Assume that \(p, q\in C(Z[0,T],R)\) and satisfy (2.3). If one of the assumptions (H4)-(H6) holds, then \(p(k)\leq 0\), \(q(k)\leq0\), \(k\in Z[0,T]\).

Proof

We only prove the case that condition (H4) holds. The others are similar and are omitted. Let \(y=p+q\). Then we have

$$\left \{ \textstyle\begin{array}{l} \Delta y(k-1)\leq-[M_{1}(k)-M_{2}(k)]y(k)-((\mathcal{L}_{1}-\mathcal {L}_{2})y)(k), \quad k\in Z[1,T], \\ y(0)\leq(r_{1}+r_{2})y(T). \end{array}\displaystyle \right . $$

Condition (H1) holds for \(M(k)=M_{1}(k)-M_{2}(k)\), \(\mathcal{L}=\mathcal {L}_{1}-\mathcal{L}_{2}\), and \(r=r_{1}+r_{2}\). By Theorem 1.1 we get \(y(k)\leq 0\) for \(k\in Z[0,T]\). Thus \(p(k)+q(k)\leq0\) for \(k\in Z[0,T]\). Substituting \(p(k)\leq-q(k)\) and \(q(k)\leq-p(k)\) into (2.3) we have

$$\left \{ \textstyle\begin{array}{l} \Delta p(k-1)\leq-[M_{1}(k)+M_{2}(k)]p(k)-((\mathcal{L}_{1}+\mathcal {L}_{2})p)(k),\quad k\in Z[1,T], \\ p(0)\leq(r_{1}-r_{2})p(T) \end{array}\displaystyle \right . $$

and

$$\left \{ \textstyle\begin{array}{l} \Delta q(k-1)\leq-[M_{1}(k)+M_{2}(k)]q(k)-((\mathcal{L}_{1}+\mathcal {L}_{2})q)(k),\quad k\in Z[1,T], \\ q(0)\leq(r_{1}-r_{2})q(T). \end{array}\displaystyle \right . $$

Again condition (H1) holds for \(M(k)=M_{1}(k)+M_{2}(k)\), \(\mathcal {L}=\mathcal{L}_{1}+\mathcal{L}_{2}\), and \(r=r_{1}-r_{2}\). By Theorem 1.1, we have \(p(k)\leq0\), \(q(k)\leq0\), \(k\in Z[0,T]\). The proof is complete. □

Considering the following inequalities with boundary conditions:

$$ \left \{ \textstyle\begin{array}{l} \Delta p(k)\leq-M_{1}(k)p(k)+M_{2}(k)q(k)-(\mathcal{L}_{1}p)(k)+(\mathcal {L}_{2}q)(k), \quad k\in Z[0,T-1], \\ \Delta q(k)\leq-M_{1}(k)q(k)+M_{2}(k)p(k)-(\mathcal{L}_{1}q)(k)+(\mathcal {L}_{2}p)(k), \quad k\in Z[0,T-1], \\ p(0)\leq r_{1}p(T)+r_{2}q(T), \\ q(0)\leq r_{1}q(T)+r_{2}p(T), \end{array}\displaystyle \right . $$
(2.4)

where \(M_{1}, M_{2}, M_{1}-M_{2}\in C(Z[0,T-1],[0,1))\), \(r_{1}, r_{2}\geq0\), and \(\mathcal{L}_{1}, \mathcal{L}_{2}, \mathcal{L}_{1}-\mathcal{L}_{2}\in C(E_{1}, E_{1})\) are positive linear operators.

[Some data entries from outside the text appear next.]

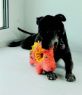 Picture of KONG Ringaroo Pig Medium x 1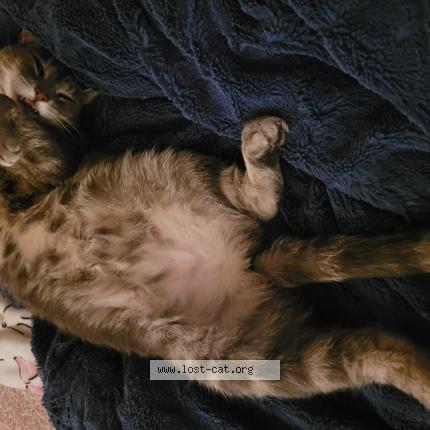 Foto 1/1 Maybee Chat perdido en Grand prairie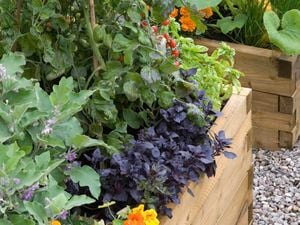 Plants in a raised garden bed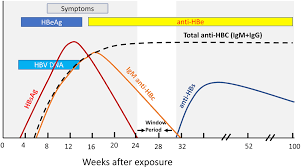 A simple blood test can also determine if you're immune to the condition. Preventing Hepatitis B In The Dialysis Unit Advances In Chronic Kidney Disease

Denote \(\tilde{\rho}_{2}=\sum_{i=0}^{T-1}((\mathcal{L}_{1}-\mathcal {L}_{2}) {\mathbf{1}})(i)P_{i+1} ^{-}\) and \(\tilde{\rho}_{3}=\sum_{i=0}^{T-1}((\mathcal{L}_{1}+\mathcal{L}_{2}) {\mathbf{1}})(i)P_{i+1} ^{+} \) where \(P_{k} ^{-}=\prod_{i=0}^{k-1}[1-M_{1}(i)+M_{2}(i)]^{-1}\), \(P_{k} ^{+}=\prod_{i=0}^{k-1}[1-M_{1}(i)-M_{2}(i)]^{-1}\) for \(k\in Z[1,T]\).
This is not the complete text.